Initializing static constexpr variables and classes inside a struct

Question

Here is my working code example:

#include <iostream>

template<typename B>
class b {
public:
    int y;

    constexpr b(int x) : y(x) {

    }

    constexpr void sayhi() {
        std::cout << "hi" << std::endl;
    }
};



template<int x>
struct A {
    static constexpr b<int> bee = x;
    static constexpr int y = x;         // this one is fine and usable already, I don't have to do something like what I did on member bee

    inline static void sayhi() {
        std::cout << y << std::endl;
    }
};

template<int x>
constexpr b<int> A<x>::bee;        // why do I have to do something like this, it will cause errors if I don't.

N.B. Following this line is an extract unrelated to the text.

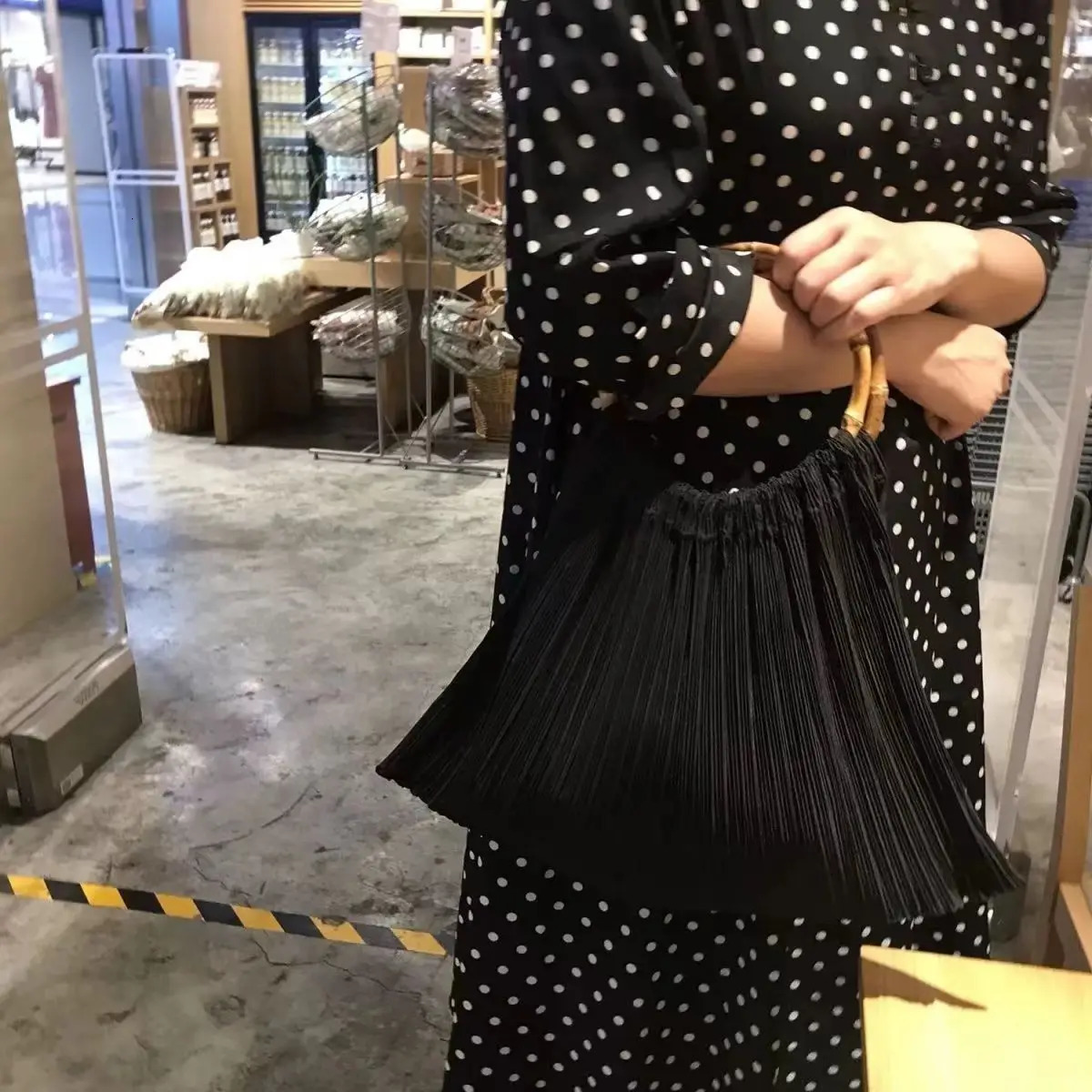 Black High-end Pleated Texture Round Bamboo Joint Portable Shoulder Bag Underarm Bag Bag Womens Bag 240807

int main(int argc, char** argv) {
    A<30>::bee.sayhi();             // works fine
    A<30>::sayhi();                 // works fine

    return 0;
}

What my code does is simple, I have template struct A that has two static variables, namely a static constexpr int y and a static constexpr b<int> bee = x;. My template struct A will get the value of the argument which will be copied by x from the template parameter. My question is: how come when it comes to classes, I have to initialize the class by doing something like this:

template<int x>
constexpr b<int> A<x>::bee; 

If I don't use the code above, I get the undefined reference error. Wherein the int is already fine and accessible just from doing something like:

static constexpr int y = x;    

I am concerned why I don't have to forward declare it anymore.

Answer 1

A static constexpr member has a value upon its initialization inside the class { } scope, but it does not have a location in memory (an address) until it is defined outside the class { }. The reason is that you may decide to include some or all of its specializations in a link library (e.g. .o or .so), or whether to give effectively-inline linkage to specializations by default.

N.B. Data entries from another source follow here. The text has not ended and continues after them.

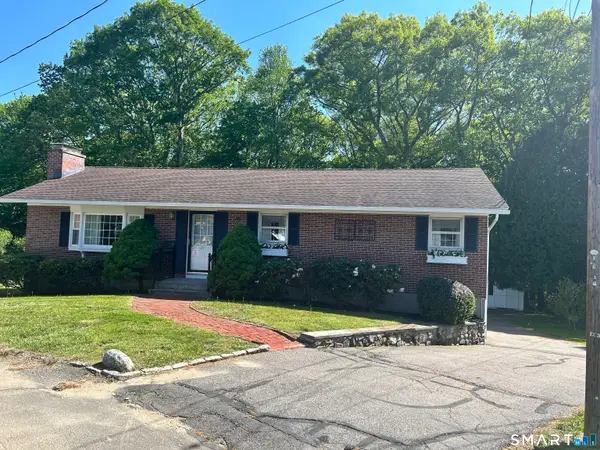 21 Parklawn Circle, Waterbury, CT 06708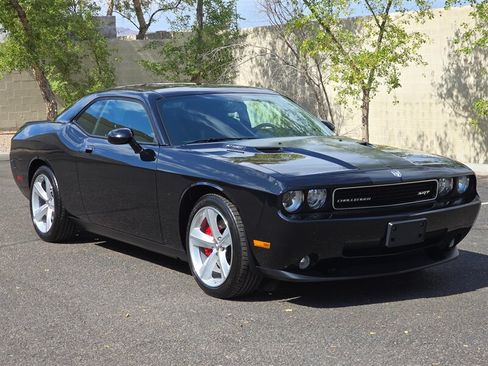 Used 2008 Dodge Challenger SRT8 RWD image 2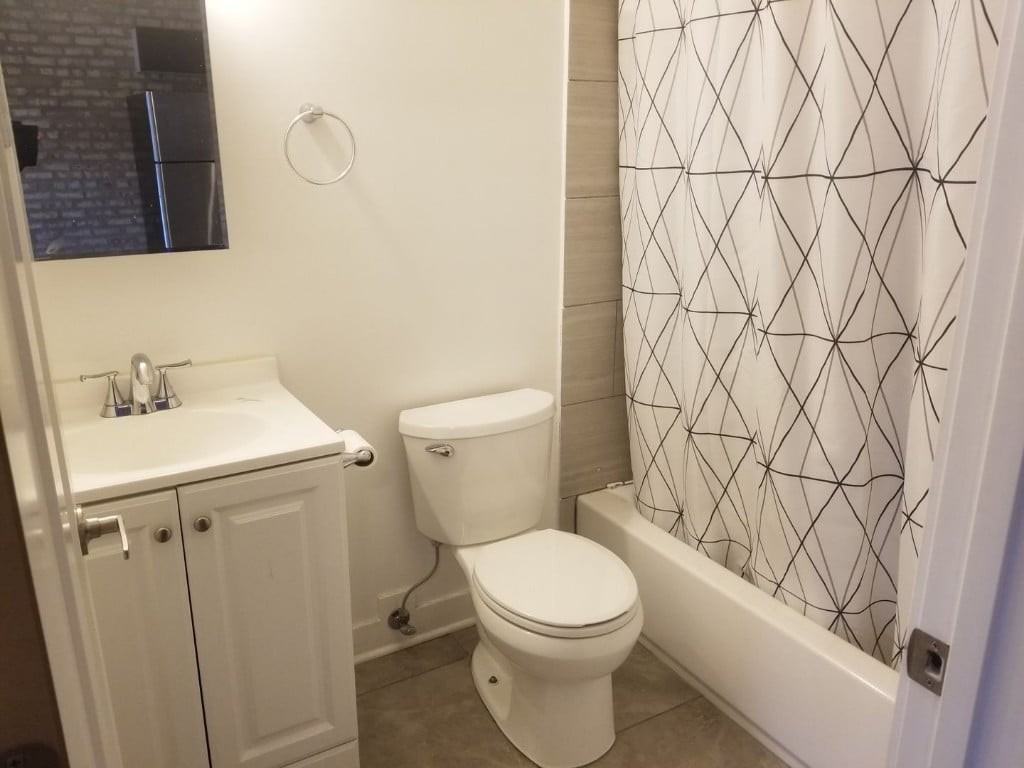 3350 W Lawrence Ave #2N - Photo 4 of 4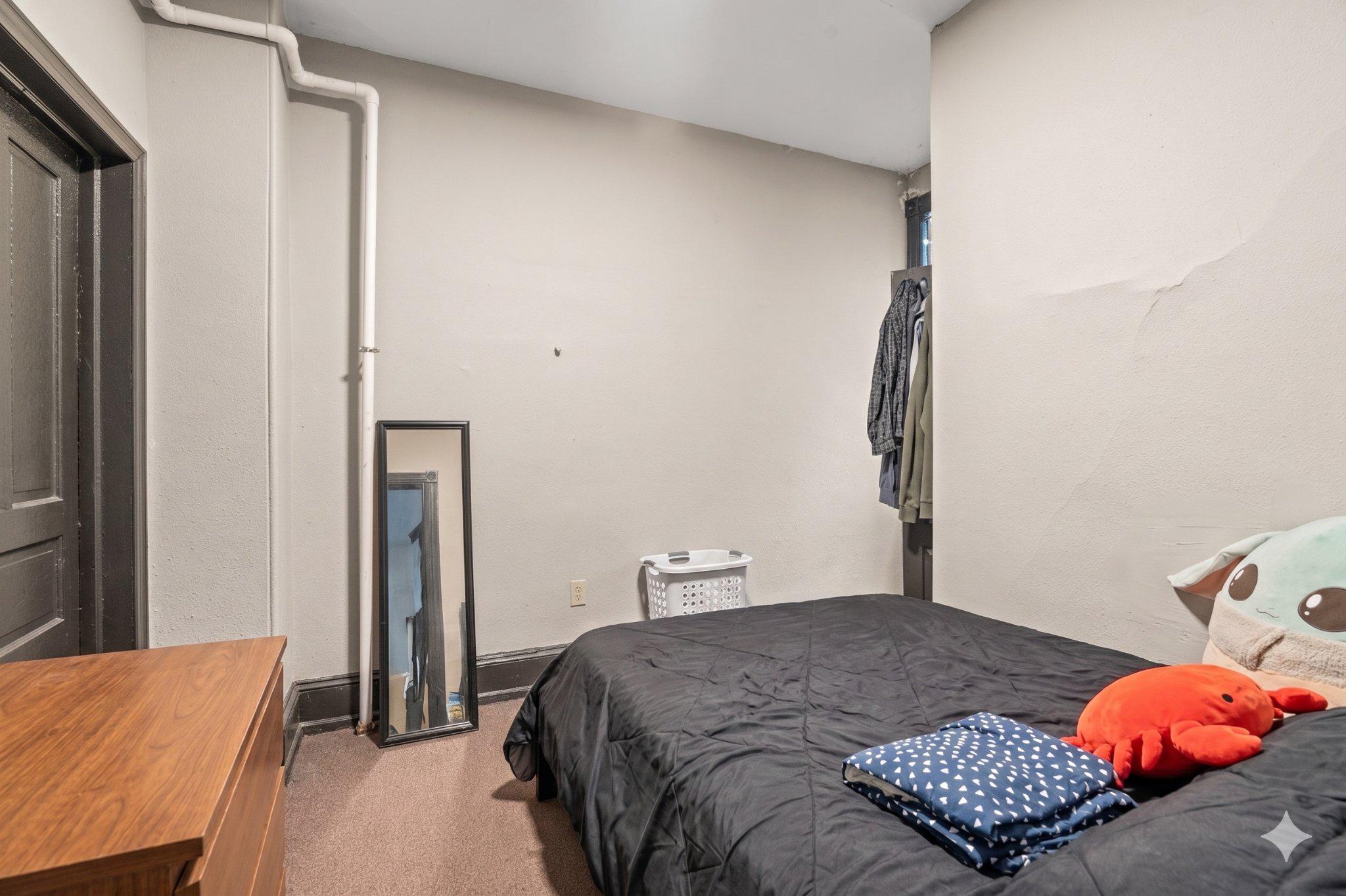UNIVERSITY CITY - Residential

The out-of-class definition is required if the address of the object is ever used, which implies that it must exist as a global variable. On the other hand, if you want the constexpr member only to exist at compile time, prohibiting global storage allocation, then omitting the definition is a good choice.

By the way, it's not allowed to put the constexpr specifier on a function that can never be evaluated as a constant expression, such as sayhi which prints to std::cout. This is a "no diagnostic required (NDR)" rule, meaning that the compiler might not complain now but the next compiler version might.